The main search only tested the performance of the generators up to the length of 210 characters. Since the checksum might need to be used for longer strings in the future (such as certified addresses or invoices), we tested the performance of the top generators for lengths of up to 500 characters:
grep -oP "^[0-9A-V]{8}" results1.txt | sort -u > gen_list2.txt
g++ ezbase32/crccollide.cpp -o crccollide_500 -lpthread -O3 -DLENGTH=500
mkdir results2
parallel -a gen_list2.txt ./crccollide_500 {} ">" results2/{}.txt
pypy3 crc_res.py results2 196 16 > results2.txt
(The fourth step took about 5 hours using AMD Threadripper 3970X with 64 threads in parallel).
The file results2.txt, attached to this document, lists the best performing 16 generators. This refining process eliminated the generators that cannot always detect 4 error at 500 characters. Notably, the codes U1PIRGA7
and AJ4RJKVB
can still detect 5 errors at this length. The remaining 14 codes have very similar performance for both 5 and 6 errors.
The main search only tested the performance of the generators for up to 6 errors. To further refine the results, we tested the top 16 generators for their ability to detect 7 and 8 errors in spans of up to 50 characters:
grep -oP "^[0-9A-V]{8}" results2.txt | sort -u > gen_list3.txt
g++ ezbase32/crccollide.cpp -o crccollide_50_4 -lpthread -O3 -DLENGTH=50 -DERRORS=4 -DTHREADS=4
mkdir results3
parallel -a gen_list3.txt ./crccollide_50_4 {} ">" results3/{}.txt
The resulting 16 files were examined manually to extract the maximum false positive rates for 7 and 8 errors.
generator | err7 | err8 |
---|---|---|
1.790741 | 4.440434 | |
0.994695 | 1.776173 | |
5155TAUI | 0.999173 | 1.024186 |
1.004357 | 1.937644 | |
AJ4RJKVB | 1.133229 | 1.211027 |
0.994857 | 4.440434 | |
1.564244 | 1.011930 | |
2.310268 | 1.211028 | |
JKHOGKBA | 1.075304 | 1.211028 |
0.987055 | 4.440434 | |
NHU34U1C | 0.994869 | 1.372498 |
O2IM6DP1 | 1.150664 | 1.007043 |
QKDE8B2P | 1.109647 | 1.121159 |
1.443917 | 4.440434 | |
U1PIRGA7 | 1.043527 | 1.080609 |
4.692732 | 1.008940 |
We have eliminated the 9 codes that have false positive rates for 7 or 8 errors exceeding 1.5.
The remaining 7 codes can be split into two groups.
The two "super-generators" can always detect 5 errors, but have a slightly degraded ability to detect 6 errors, with a false positive rate of 15.346780 at the length of 15 characters (similar rate as a 36-bit hash). The generator U1PIRGA7
has a slightly better performance, so it's the winner in this group.

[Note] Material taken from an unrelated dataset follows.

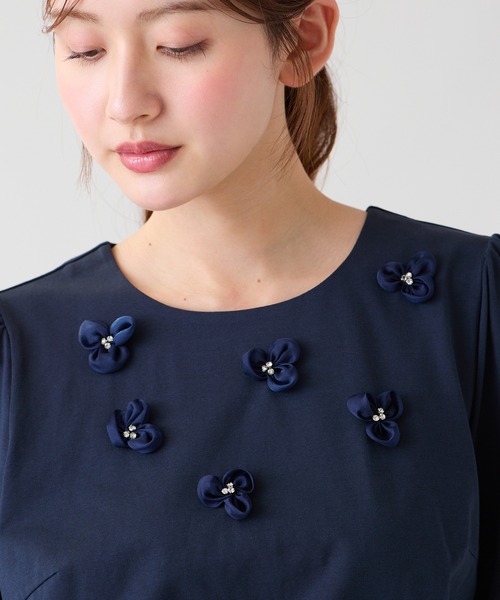 Rose Tiara（ローズティアラ）の「フラワーモチーフ パフスリーブカットソー（Tシャツ/カットソー・レディース・オフホワイト/ネイビー/グレー・38/42/46）」の16枚目の写真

generator | max5 | max6 | err5 | err6 | err7 | err8 |
---|---|---|---|---|---|---|
U1PIRGA7 | 500 | 13 | 0.000000 | 15.346780 | 1.043527 | 1.080609 |
AJ4RJKVB | 500 | 13 | 0.000000 | 15.346780 | 1.133229 | 1.211027 |
The remaining 5 generators do not significantly underperform in any situation compared to a 40-bit hash. The generator 5155TAUI
stands out with its overall lowest false positive rates and the ability to detect 5 errors in spans of 146 characters.
generator | max5 | max6 | err5 | err6 | err7 | err8 |
---|---|---|---|---|---|---|
JKHOGKBA | 127 | 22 | 0.274547 | 1.080168 | 1.075304 | 1.211028 |
5155TAUI | 146 | 23 | 0.315105 | 0.991495 | 0.999173 | 1.024186 |
QKDE8B2P | 132 | 23 | 0.287547 | 1.108732 | 1.109647 | 1.121159 |
O2IM6DP1 | 121 | 32 | 0.327585 | 0.995260 | 1.150664 | 1.007043 |
NHU34U1C | 122 | 25 | 0.300546 | 1.093295 | 0.994869 | 1.372498 |
The checksum algorithm proposal in file jamtis_polymod.py is attached to this document. The proposal uses the code based on the generator U1PIRGA7
(or 5155TAUI
as an alternative).
Most of the calculations were performed on a Monero Research Computing machine equipped with an AMD Threadripper CPU.
Thanks to Pieter "sipa" Wuille for developing the crccollide tool and providing some consultations.